Nordea Baltic organization reported operating profit of 54 million euros in the first half-year of 2015. Total income increased by 9% compared to the same period last year, while total commission income has increased by 18%. Total savings and investment product portfolio volumes showed a steady increase and total deposit volumes have increased by 5% in comparison to the same period last year. The volume of the household deposits portfolio continues to grow, increasing 30% y-o-y.
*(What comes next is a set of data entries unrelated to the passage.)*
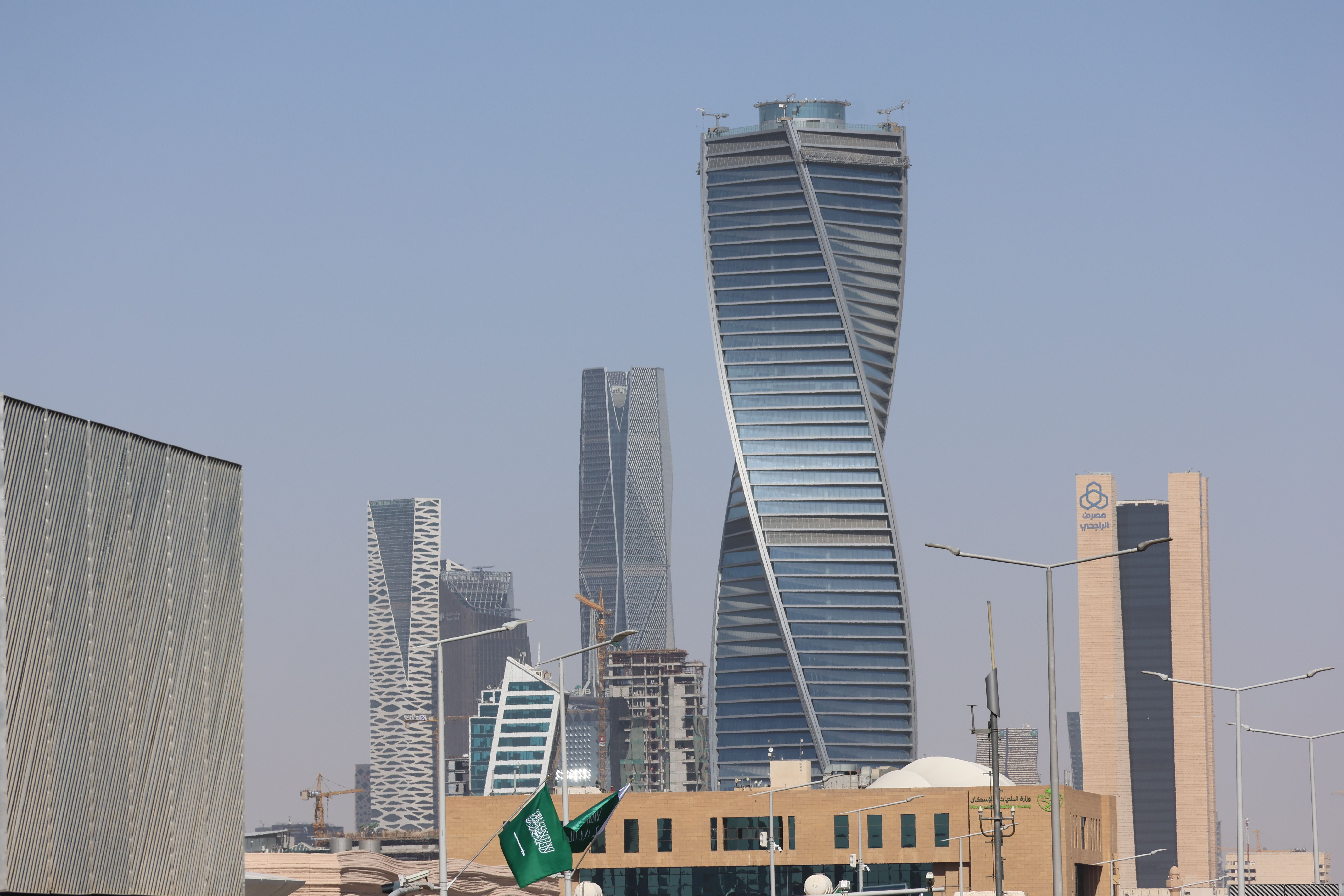Saudi Arabian Food Guide: What to Eat — Plan Your Trip With a Saudi Arabia Visa 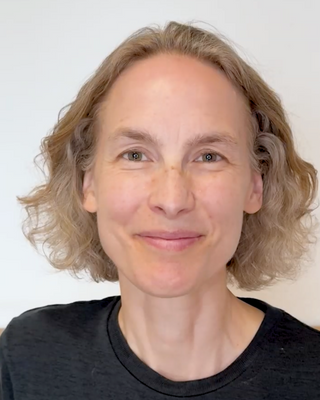 Photo of Tamsin Bohnet, Registered Psychotherapist (Qualifying)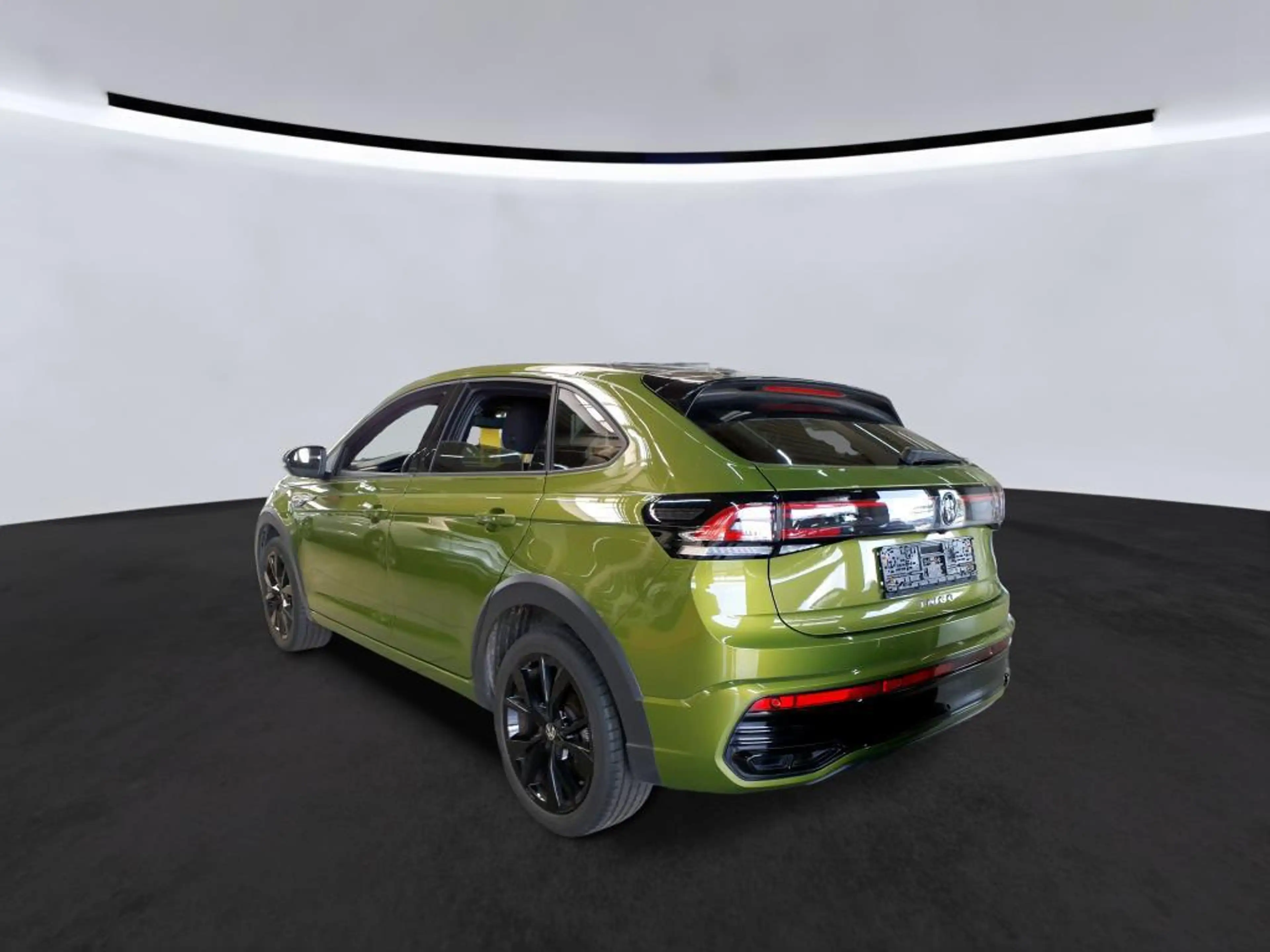 Volkswagen Taigo 1.5 TSI R-Line DSG Navi+Pano+SHZ+R-Kam+ACC+ — photo 2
“Although the financial industry is experiencing times of low interest rates and overall modest economic growth, Nordea Baltic business has delivered solid results for the first half-year of 2015 that demonstrate increasing customer activity in both private and corporate customer segments. Customer surveys showed that on average more than 80% of our customers in all three Baltic countries recognize the importance of savings. We are constantly updating our product range to meet the demands of our growing customer base and recently several initiatives have been started to strengthen savings and investment advisory capabilities as well as improve mobile and electronic banking offerings. We continue to develop more advanced remote solutions and services to offer our customers a seamless, multi-channel experience that combines branch service with online access,” says Inga Skisaker, Head of Nordea Banking Baltics. “We also keep executing our capital efficiency programs, maintaining a clear focus on reducing the funding gap in order to ensure an efficient and sustainable balance sheet structure,” adds the Head of Nordea Banking Baltics.

Lithuania

Nordea bank in Lithuania earned operating profit of EUR 15 million in the first half-year of 2015. Total deposits increased 15% y-o-y, reaching a high figure – EUR 1.1 billion. Deposit growth was driven by a 48% rise in the volume of household deposits, while corporate deposits went up by 5% compared to the same period last year. Nordea’s loan portfolio decreased by 9% y-o-y and accounted for EUR 2.2 billion. The volume of corporate loans dropped by 14%. Household loans increased insignificantly by 1%. The bank’s mortgage loan portfolio increased by 2% and reached EUR 0.7 billion.